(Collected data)
⟨
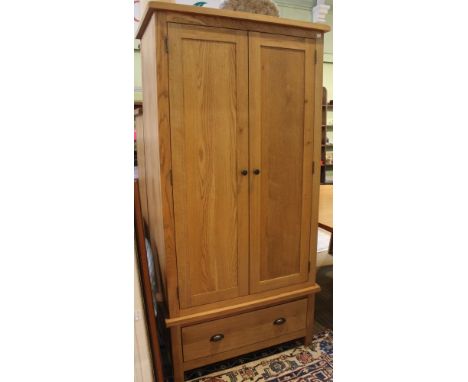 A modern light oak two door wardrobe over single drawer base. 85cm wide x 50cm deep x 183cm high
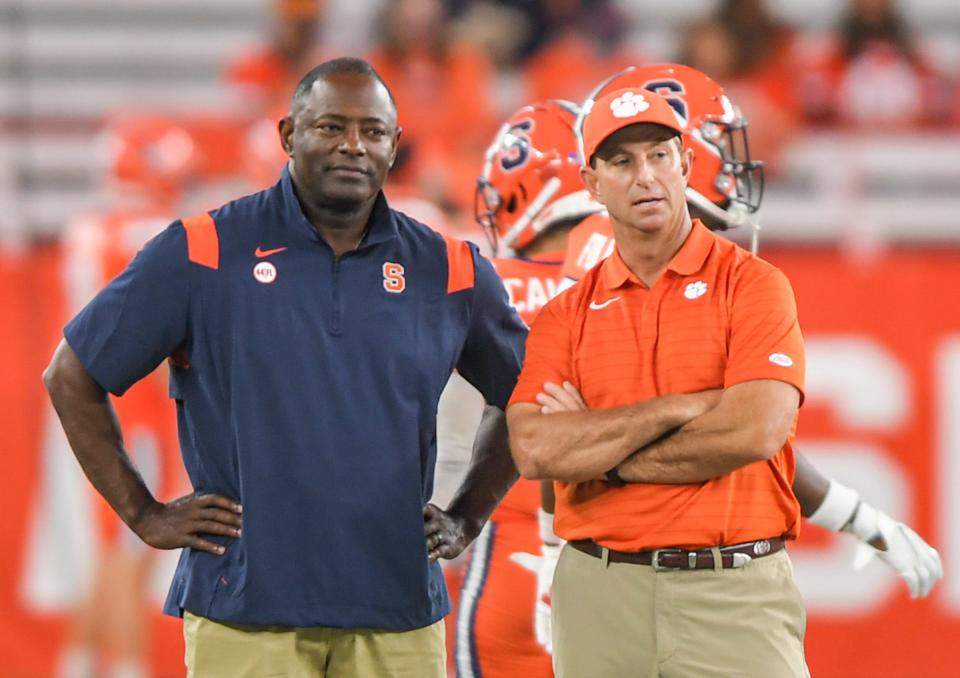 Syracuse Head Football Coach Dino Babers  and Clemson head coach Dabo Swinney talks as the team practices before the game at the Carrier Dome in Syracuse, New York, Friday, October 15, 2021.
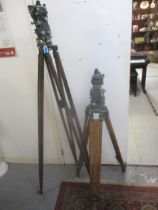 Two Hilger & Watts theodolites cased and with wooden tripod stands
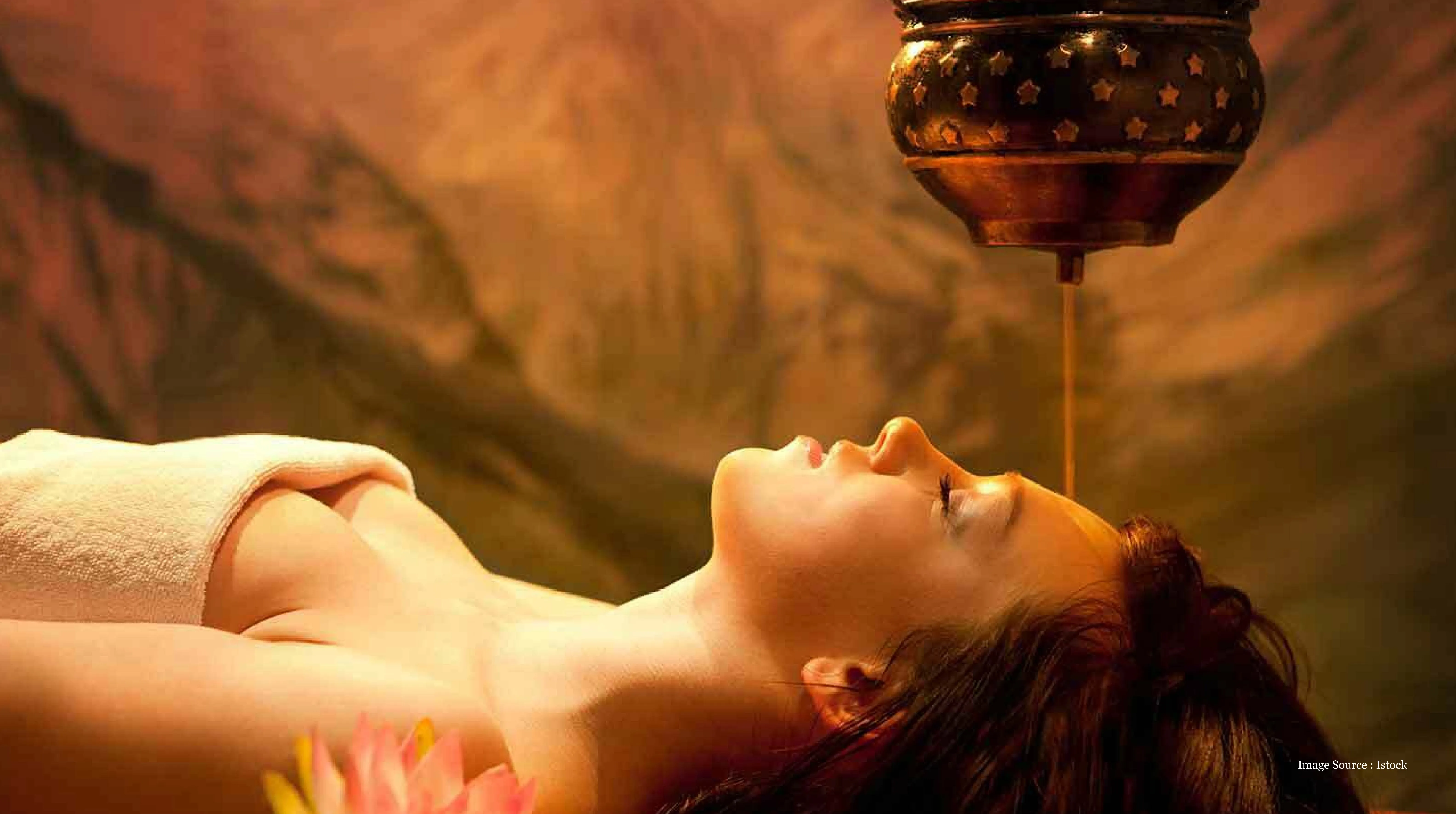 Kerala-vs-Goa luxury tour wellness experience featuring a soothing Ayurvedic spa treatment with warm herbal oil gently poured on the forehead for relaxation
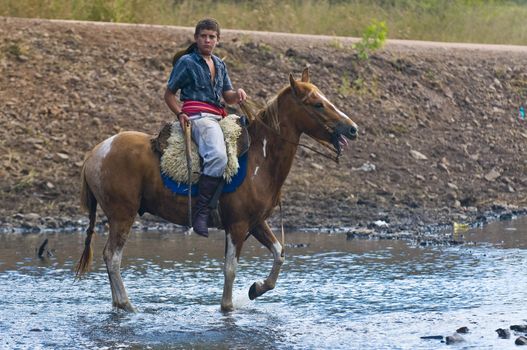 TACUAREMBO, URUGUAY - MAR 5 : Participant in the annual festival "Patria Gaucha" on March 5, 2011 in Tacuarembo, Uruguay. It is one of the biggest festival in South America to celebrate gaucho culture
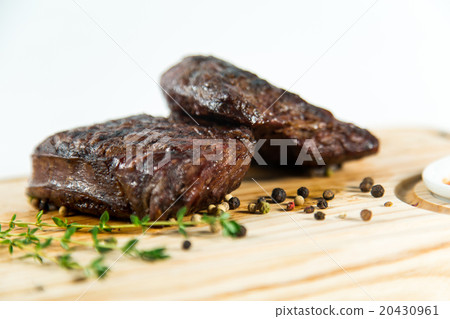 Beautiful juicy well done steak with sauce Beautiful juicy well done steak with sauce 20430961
⟩
⟨
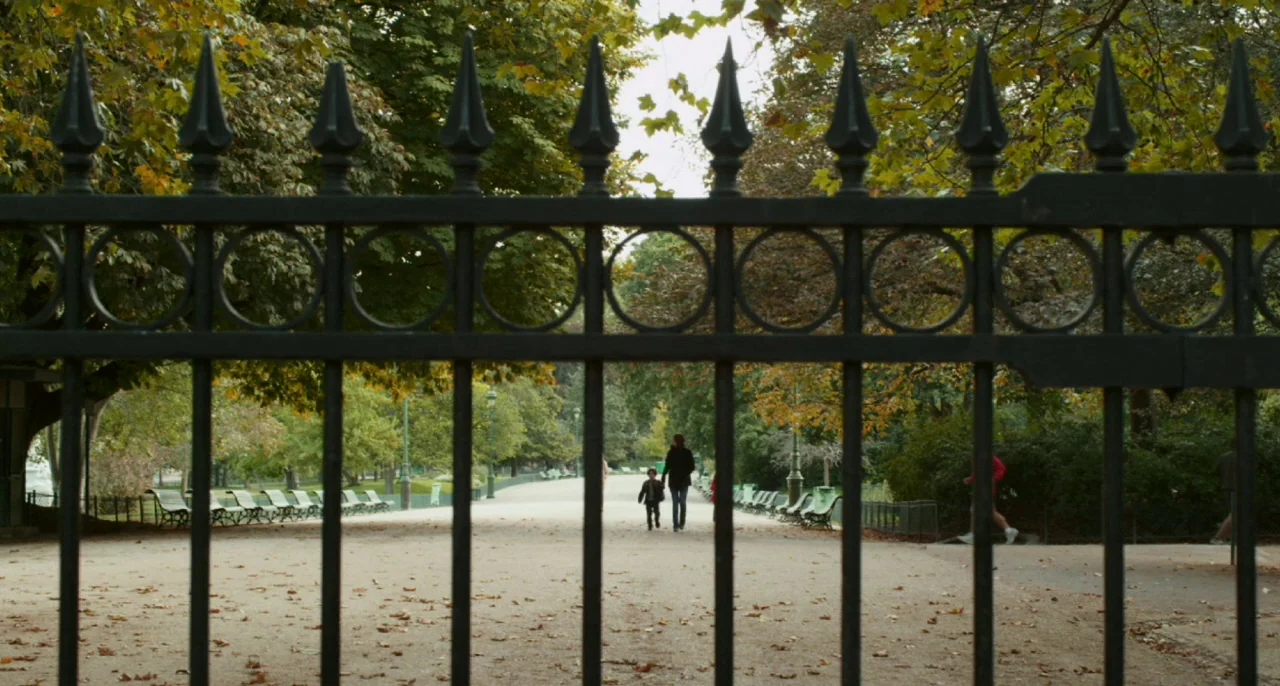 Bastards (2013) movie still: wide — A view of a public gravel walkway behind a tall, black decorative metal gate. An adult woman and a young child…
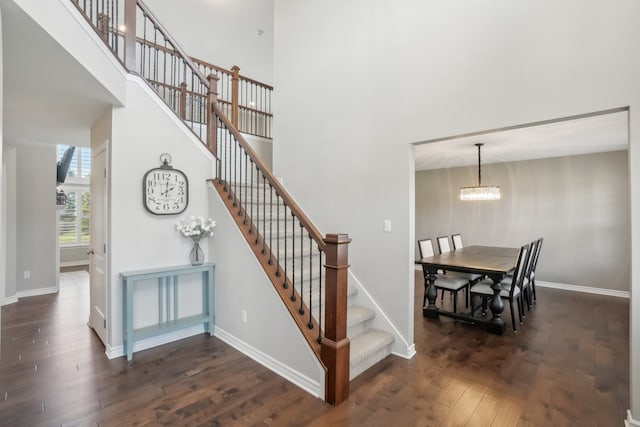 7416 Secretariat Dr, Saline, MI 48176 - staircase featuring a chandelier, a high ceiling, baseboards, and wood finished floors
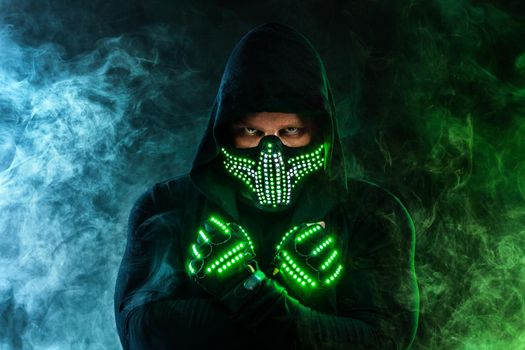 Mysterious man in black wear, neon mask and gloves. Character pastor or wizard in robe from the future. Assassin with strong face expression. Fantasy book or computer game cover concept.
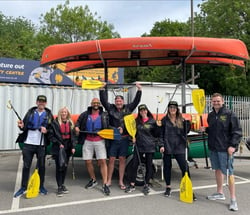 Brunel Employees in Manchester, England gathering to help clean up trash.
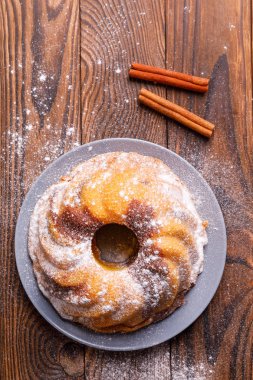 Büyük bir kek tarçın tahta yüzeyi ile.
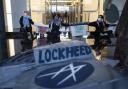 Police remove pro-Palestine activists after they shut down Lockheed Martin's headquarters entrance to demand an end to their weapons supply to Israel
⟩
> _EXERCISE AIM_
Copy the lines above exactly, starting at the one with "A modern light" and ending at the one with "Beautiful juicy well done steak with sauce Beautiful", both included. Leave out any pictures and add nothing else.

> _EXERCISE RESULT_
 A modern light oak two door wardrobe over single drawer base. 85cm wide x 50cm deep x 183cm high
 Syracuse Head Football Coach Dino Babers  and Clemson head coach Dabo Swinney talks as the team practices before the game at the Carrier Dome in Syracuse, New York, Friday, October 15, 2021.
 Two Hilger & Watts theodolites cased and with wooden tripod stands
 Kerala-vs-Goa luxury tour wellness experience featuring a soothing Ayurvedic spa treatment with warm herbal oil gently poured on the forehead for relaxation
 TACUAREMBO, URUGUAY - MAR 5 : Participant in the annual festival "Patria Gaucha" on March 5, 2011 in Tacuarembo, Uruguay. It is one of the biggest festival in South America to celebrate gaucho culture
 Beautiful juicy well done steak with sauce Beautiful juicy well done steak with sauce 20430961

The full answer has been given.